Imagine swimming on a coral reef, the water is clear and you see some stands of live coral, colorful reef fish, and, less-well-thought-of but plenty colorful and very important to coral reefs – sponges!
Sponges, can be thought of as the glue that holds the reef together, but they are important members of coral reefs for several other reasons: they filter large volumes of water, and they provide habitat to other reef animals from brittle stars and crabs to fish. They also exert a major influence over nutrient availability on the reef – meaning that they determine what nutrients are available for other reef organisms like corals. But how do they do this, and what does this mean for the health and stability of coral reefs if sponges increase or decrease in abundance in the near future?

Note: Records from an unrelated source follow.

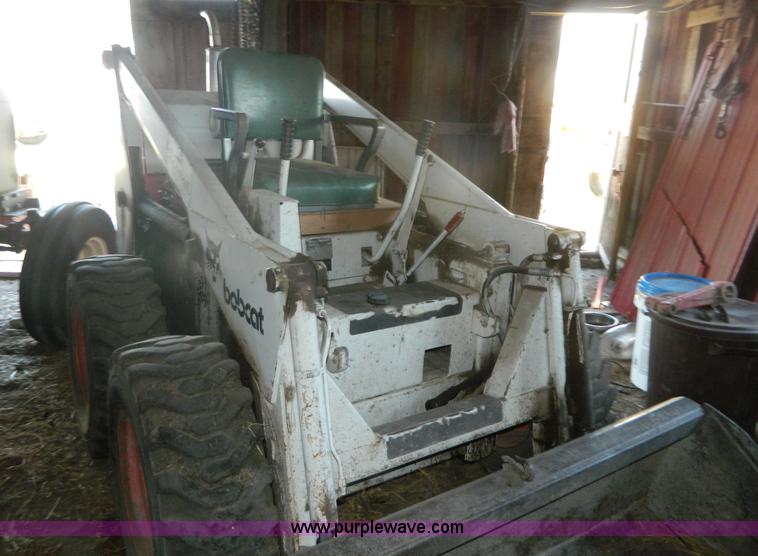 image for item AD9218 1977 Bobcat 720 skid steer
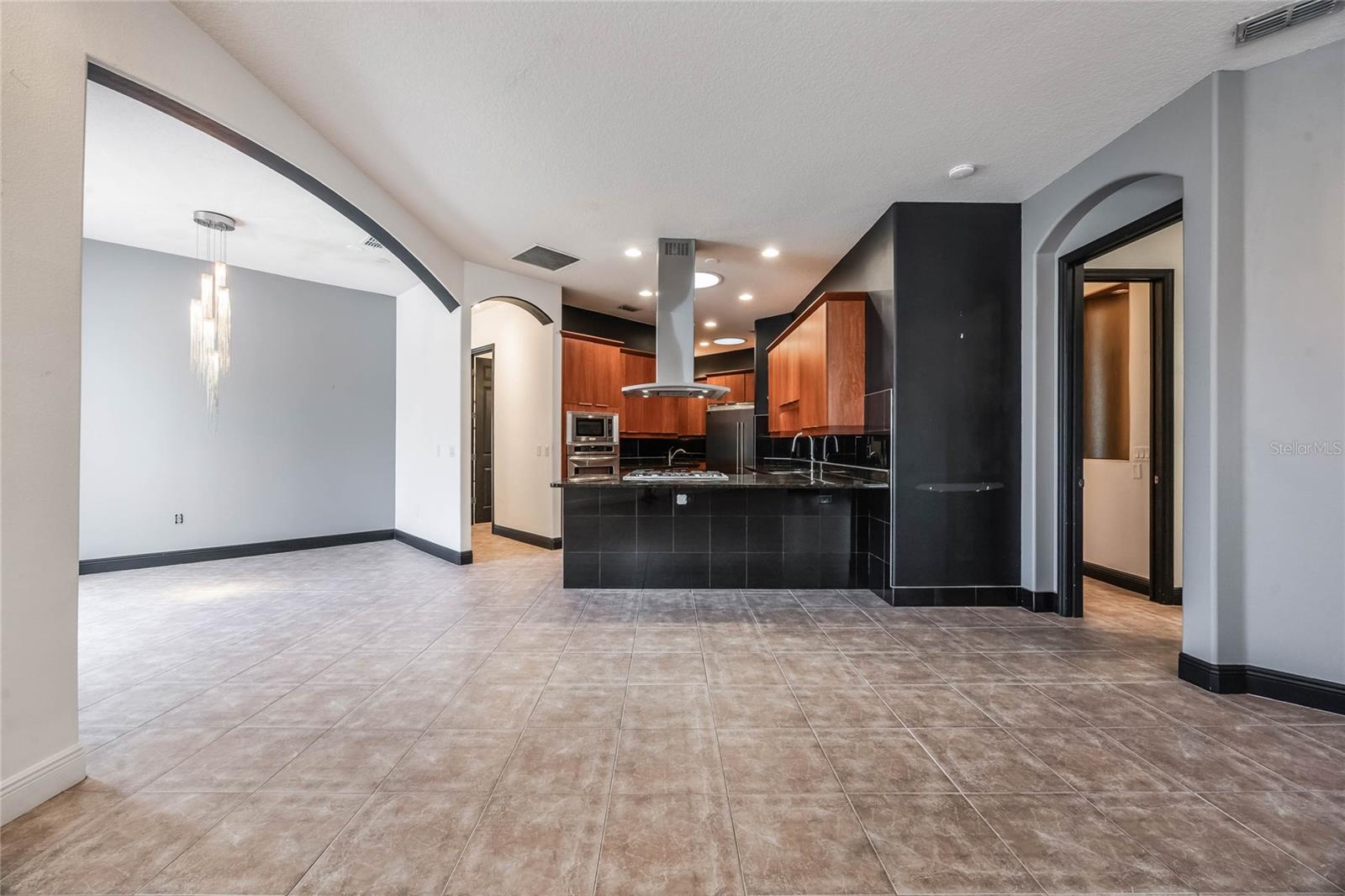 349 LA CREEK COURT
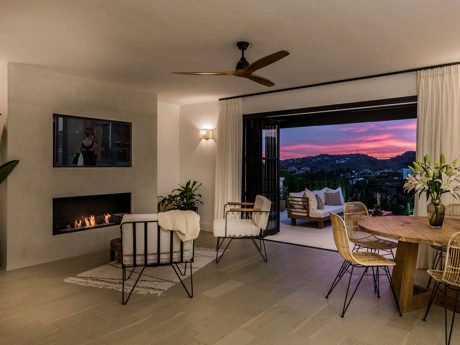 Villa for sale in Benahavis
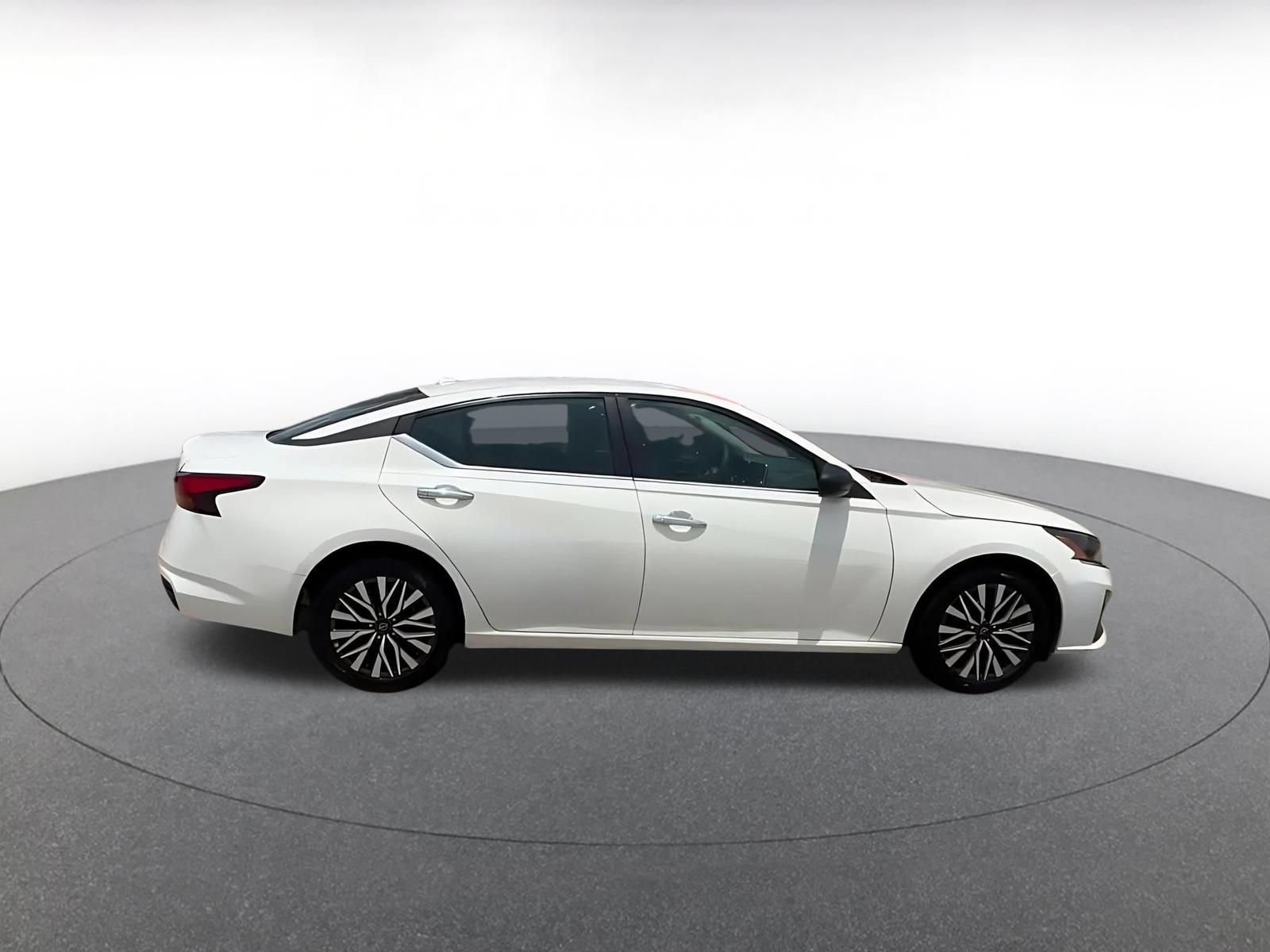 Thumbnail: 2025 Nissan Altima - 15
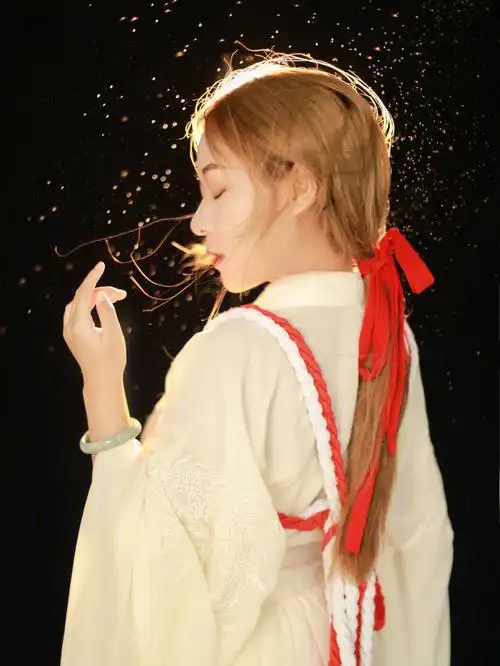 神明少女写真必拍的一种风格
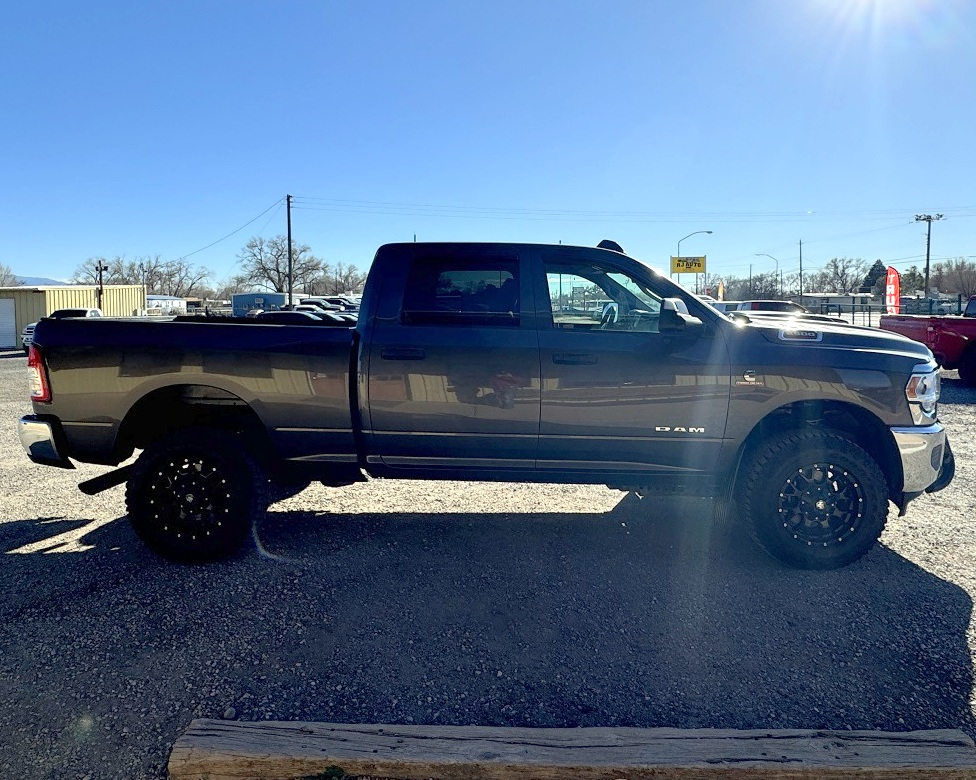 RAM 2500 Tradesman 4x4 Crew Cab 6'4" Box 2019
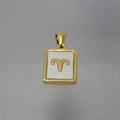 Aries Sternzeichen-Anhänger in 18K Gold mit weißer Muschel-Einlage und Kette - Widder
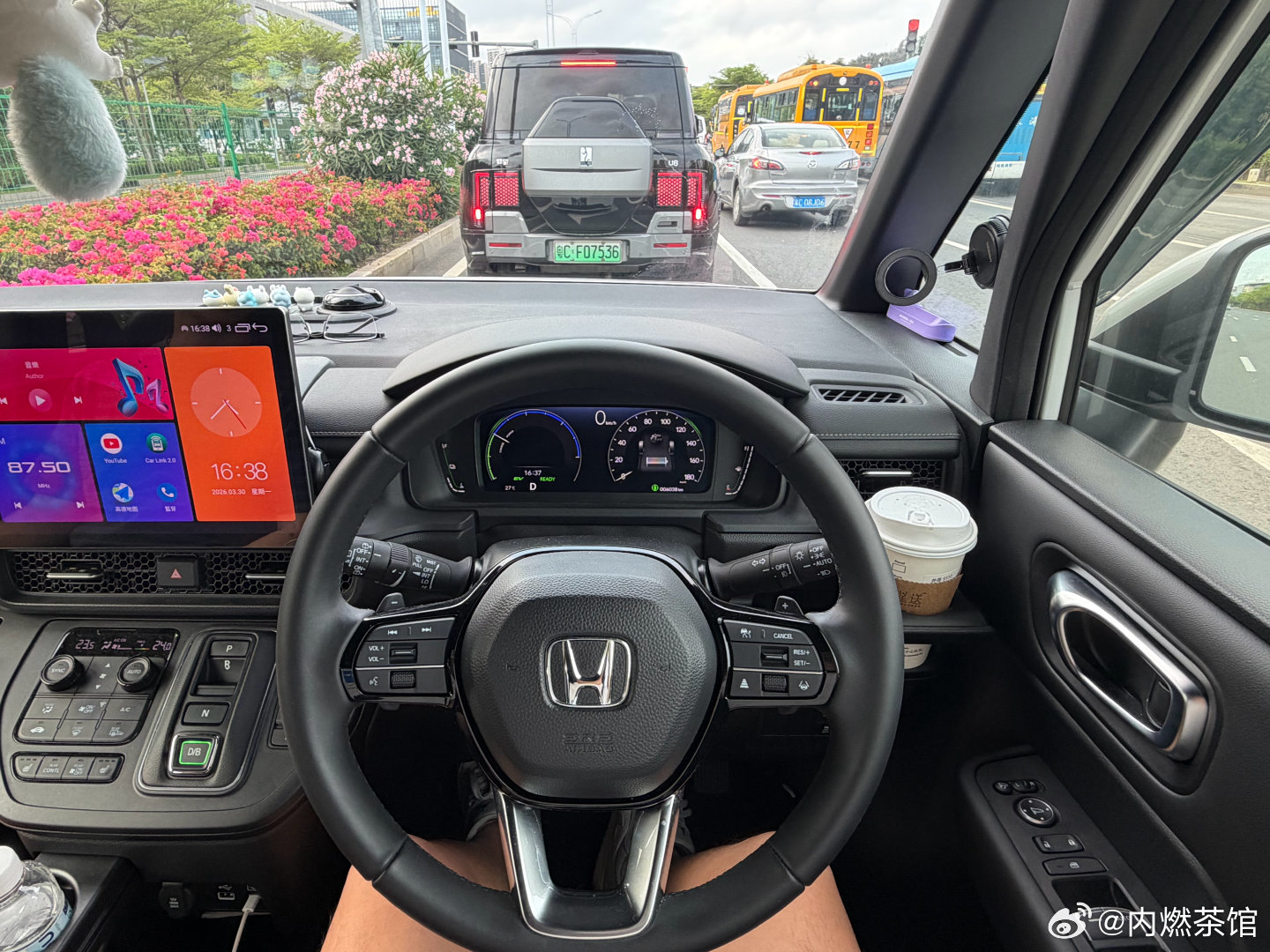 今天，整备总裁小汽车乘坐S级小汽车品尝了佳美十大名菜遇到了广东极其罕见的桑塔纳2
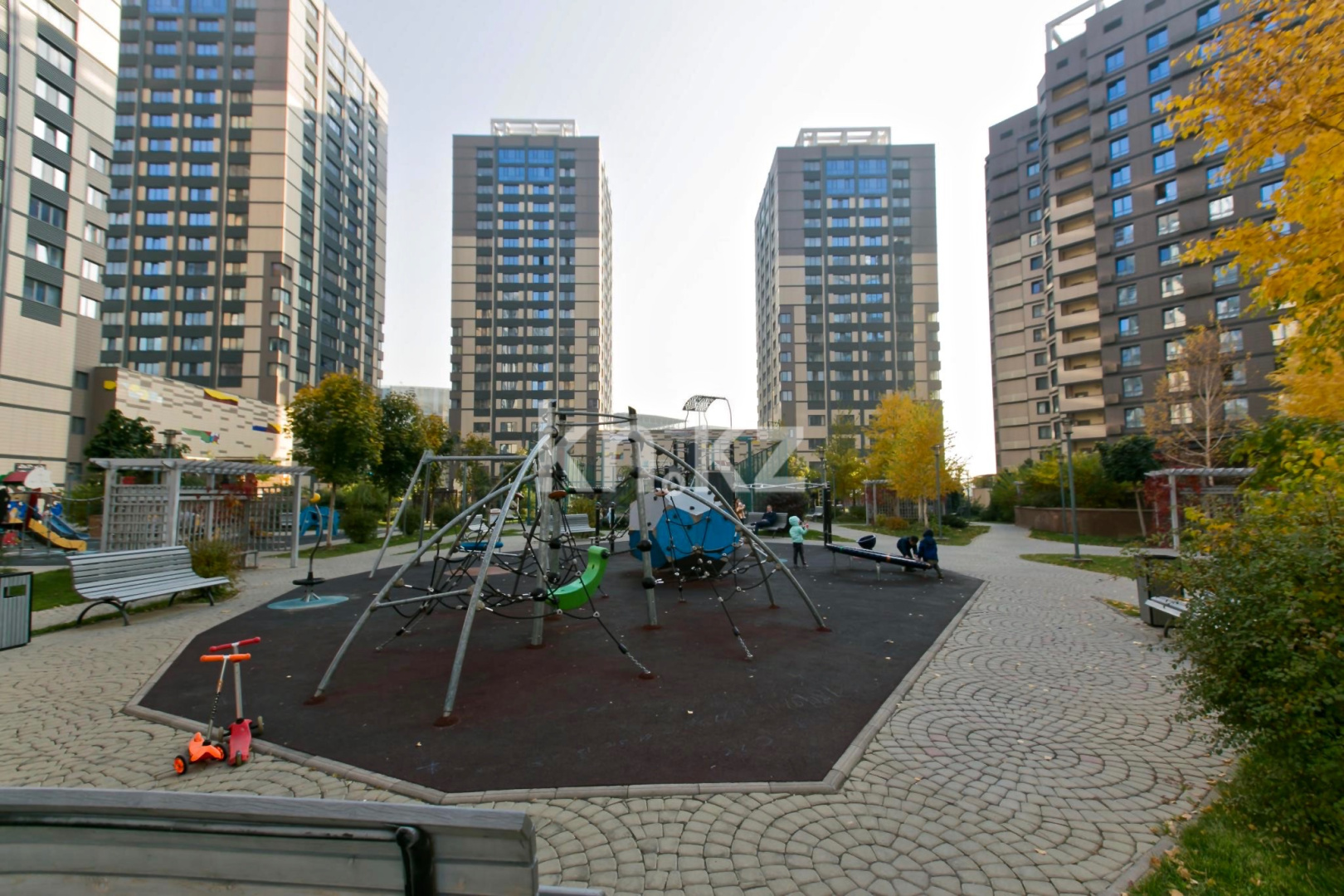 Продажа 3-комнатной квартиры, 133 м², пр. Аль-Фараби, дом  21 в Алматы - фото 11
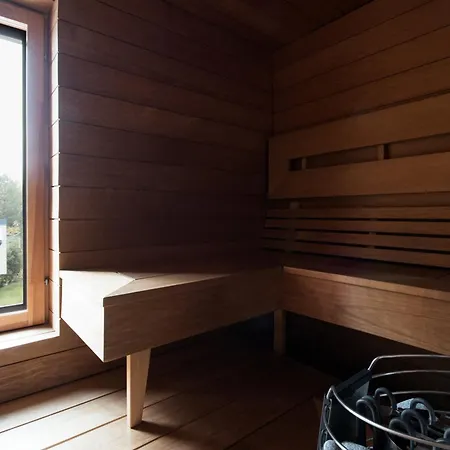 Vakantiehuis Brand New House With Four Bedrooms, Parking, Sauna, Patio Vantaa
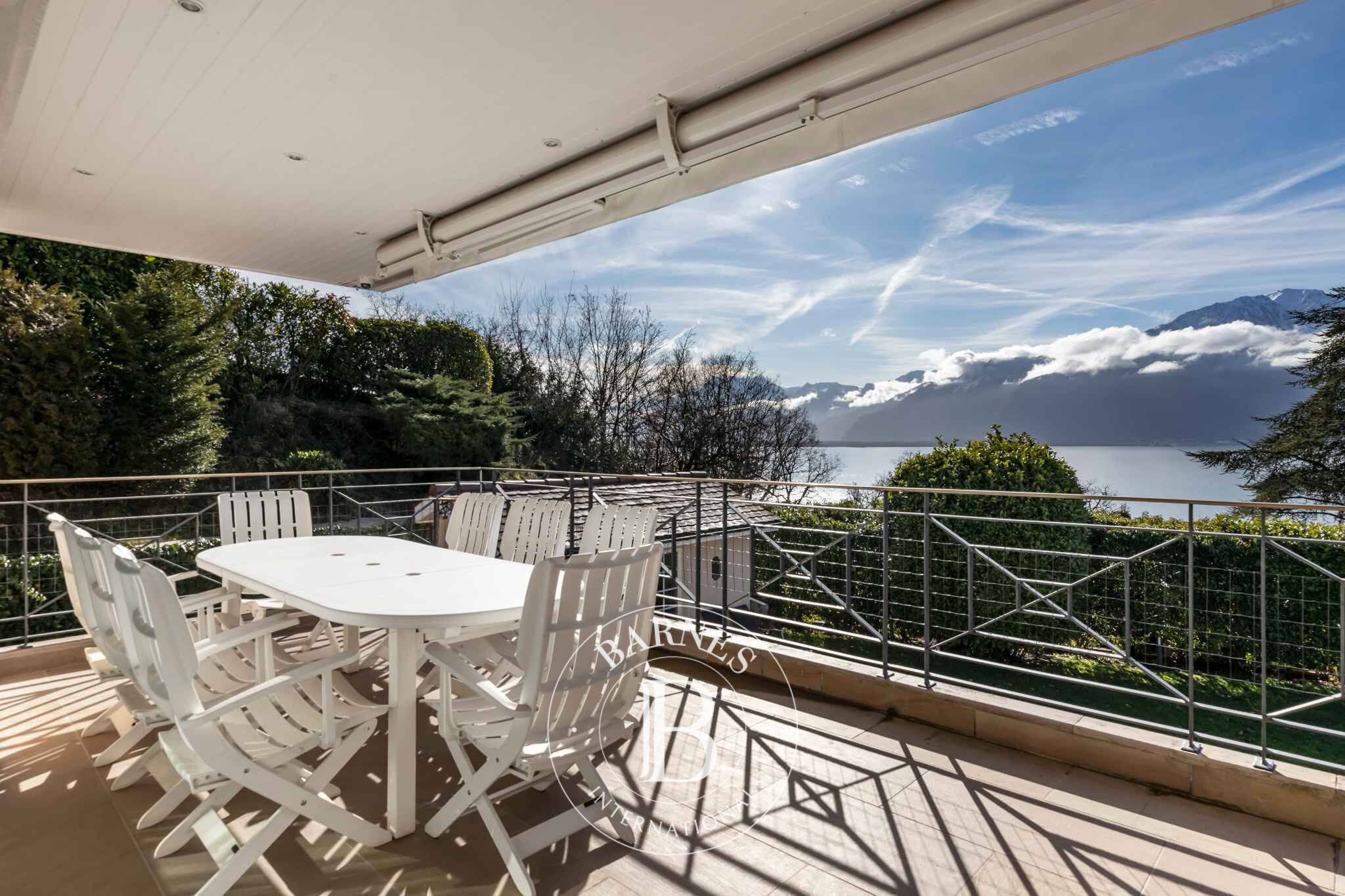 Villa Montreux - picture 23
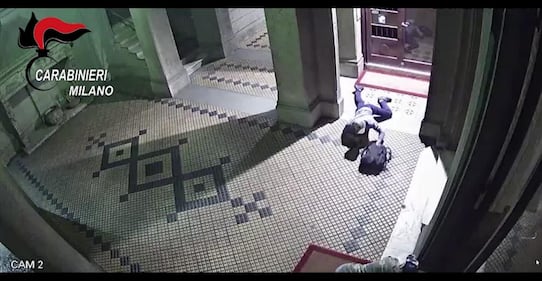 Furti e ricettazione: arrestati 9 rom 11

My name is Cara Fiore and I am a postdoctoral researcher at Woods Hole Oceanographic Institution (WHOI) in Cape Cod, MA. My postdoctoral mentor (Dr. Kujawinski), several colleagues, and myself are trying to answer these questions and we are relying on crowd-funding to obtain the necessary funds to carry out the project.
Here I want to share some more information on what we hope to accomplish and why! If you are interested in contributing to help make this project a success, please go to the website above. As a contributor, you will also be able to follow along with the project through blog updates on the project website. You can contribute to the project through January 16 2015, but you can always check it out after that too.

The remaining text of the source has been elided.